Secure Copy Content Protection and Content Locking < 2.8.2 - Unauthenticated SQL Injection
Description
Unauthenticated SQL injection in sccp_id parameter of the Secure Copy Content Protection plugin for WordPress versions before 2.8.2.
AI Insight
LLM-synthesized narrative grounded in this CVE's description and references.

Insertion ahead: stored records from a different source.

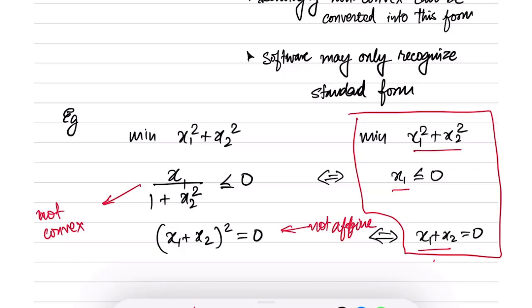This fact that we can convert seemingly non-convex problems into convex problems is very important — in fact this is what makes convex optimization so challenging. The software may say a problem is not in standard form and refuse to solve it, but if you recognize it can be converted, you can plug in the equivalent form and get a solution. Many problems in various areas were thought to be non-convex, but once people realized they could be converted, they were solved much faster and more efficiently, since convex problems have lower complexity than non-convex ones.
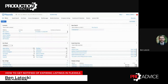Ever wonder how to turn on email notifications for when you have expired listings or when your listings are expiring? This is really simple and really quick. Let me show you — you're logged into the flex system.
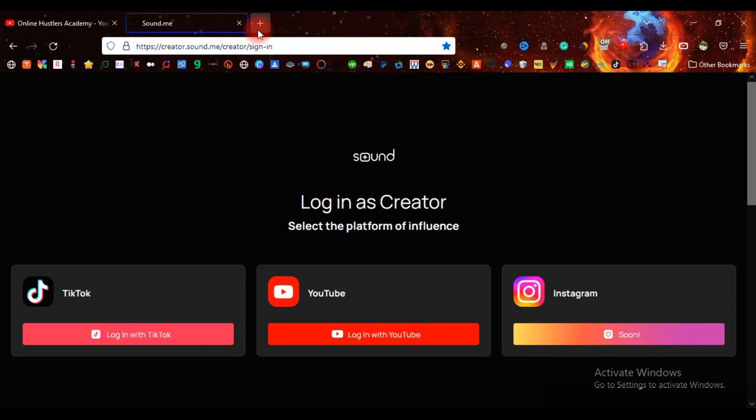So that's why I took it upon myself to show you the right way that you can go by this process and you can make money with TikTok. So without wasting much of your time, I will be right back after this short intro.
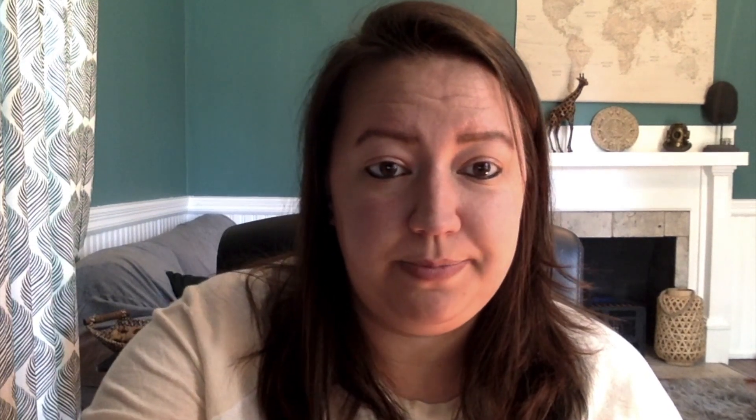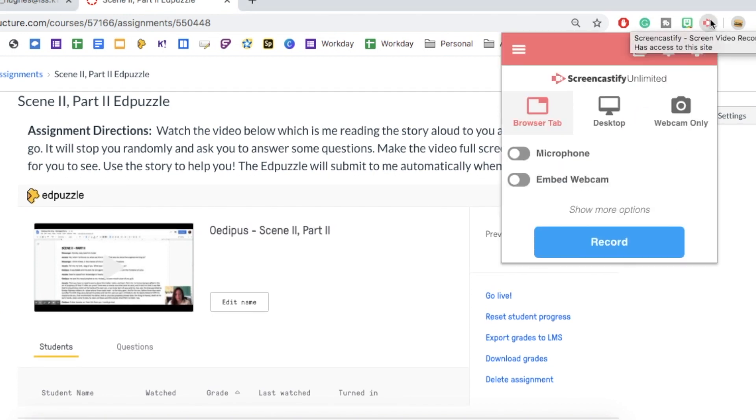I have been loving this because I've been using it to read stories to my students, explain them, and ask questions along the way. I've also been using it for my inclusion classes, who sometimes need video directions — they need to see what I need them to click on, they need to see what I want them to do, and they need to hear me saying it. Screencastify has allowed me to do that in a very simple way.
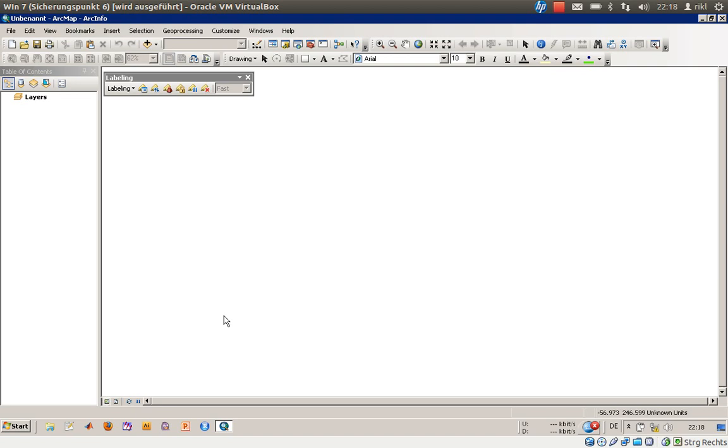We will start with something called Getting Started with Maps and Data, exploring ArcMap and also the ArcCatalog functionality.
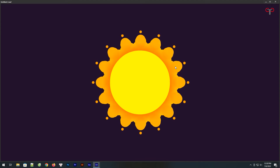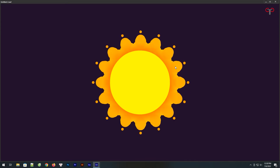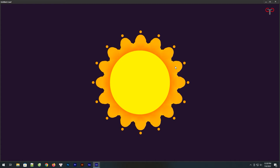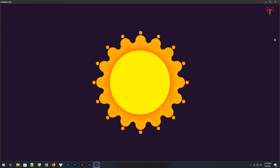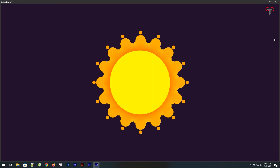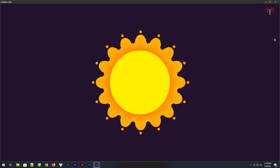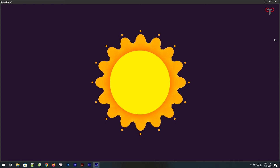Hello everyone, welcome to another journey of learning to make 2D animation with Animate CC. In this video, I will show you how to master layers and symbols to animate a torching sun. Ok, let's get started.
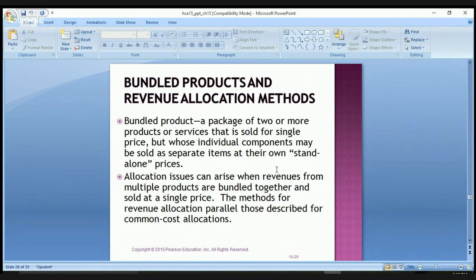Allocation issues arise when revenues from multiple products are bundled together and sold at a single price. The methods for revenue allocation parallel those described in common cost allocations. Revenues are inflows of assets companies receive for products or services provided to customers. Revenue allocation occurs when revenues are related to a particular revenue object but cannot be traced to it in an economically feasible way.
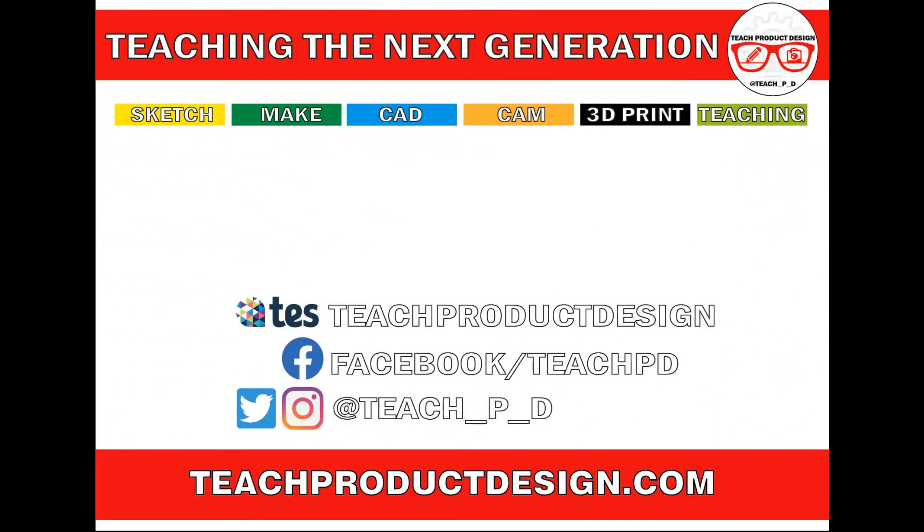Thanks for watching. And if you found this content helpful, please click like and subscribe. And also check out any other resources and videos created using the links in the description. I'll see you on the next one.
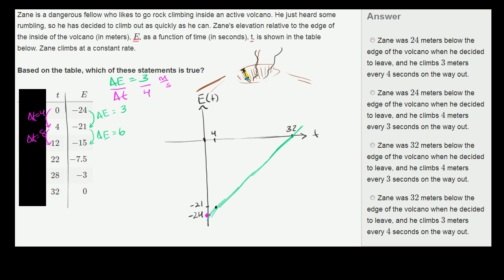So which of these choices is correct? 'Zane was 24 meters below the edge of the volcano when he decided to leave, and he climbs 3 meters every 4 seconds on the way out.' That seems right — he climbs 3 meters every 4 seconds, so we'll go with that one. Let's check the others: 'he climbs 4 meters every 3 seconds' — no, it's 3 meters every 4 seconds, so that's not right. 'Zane was 32 meters below the edge of the volcano' — no, that's not right either.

Unauthenticated SQL injection in sccp_id parameter of the Secure Copy Content Protection plugin for WordPress versions before 2.8.2.
Vulnerability
The Secure Copy Content Protection and Content Locking WordPress plugin before version 2.8.2 fails to properly escape the sccp_id parameter in the ays_sccp_results_export_file AJAX action. This parameter is used directly in a SQL statement without sanitization, leading to a SQL injection vulnerability. The AJAX action is available to both unauthenticated and authenticated users, making the attack exploitable without any prior authentication [1][2].
Exploitation
An attacker can exploit this vulnerability by sending a crafted HTTP request to the affected WordPress site targeting the ays_sccp_results_export_file AJAX action. The sccp_id parameter can be injected with malicious SQL payloads. No authentication or user interaction is required, and the attacker only needs network access to the WordPress instance [1]. Proof-of-concept code is publicly available [2].
Impact
Successful exploitation allows an attacker to execute arbitrary SQL commands against the WordPress database. This could lead to the disclosure of sensitive data, including user credentials, password hashes, and other site content. The attacker could also potentially modify or delete data, depending on the database user's privileges [1].
Mitigation
The vulnerability is fixed in version 2.8.2 of the plugin, released on 2021-11-08 [1]. Users must update to version 2.8.2 or later. There is no known workaround other than immediately updating the plugin. The vulnerability is not listed on CISA's Known Exploited Vulnerabilities (KEV) catalog as of this writing.
AI Insight generated on May 27, 2026. Synthesized from this CVE's description and the cited reference URLs; citations are validated against the source bundle.
Affected products
2- WordPress/Secure Copy Content Protection and Content Lockingdescription
- Range: <2.8.2
Patches
0No patches discovered yet.
Vulnerability mechanics
Root cause
"The plugin fails to properly sanitize the `sccp_id` parameter before incorporating it into a SQL query."
Attack vector
An attacker can exploit this vulnerability by sending a crafted request to the `ays_sccp_results_export_file` AJAX action. This action is accessible to both unauthenticated and authenticated users. The `sccp_id` parameter is not escaped, allowing an attacker to inject malicious SQL code into the query, leading to SQL injection. The exploit author demonstrates using sqlmap with a payload targeting this vulnerability [ref_id=1].
Affected code
The vulnerability exists in the `ays_sccp_results_export_file` AJAX action within the Secure Copy Content Protection and Content Locking WordPress plugin. The `sccp_id` parameter is directly used in a SQL statement without adequate sanitization.
What the fix does
The patch, identified by version 2.8.2, addresses the SQL injection vulnerability by properly escaping the `sccp_id` parameter. This ensures that any special characters or SQL commands within the parameter are treated as literal strings rather than executable SQL code. By sanitizing the input, the plugin prevents malicious SQL statements from being executed against the database.
Preconditions
- inputThe `sccp_id` parameter must be provided in the AJAX request.
- networkThe target WordPress site must have the vulnerable version of the Secure Copy Content Protection and Content Locking plugin installed.
Generated on Jun 4, 2026. Inputs: CWE entries + fix-commit diffs from this CVE's patches. Citations validated against bundle.
References
2News mentions
0No linked articles in our index yet.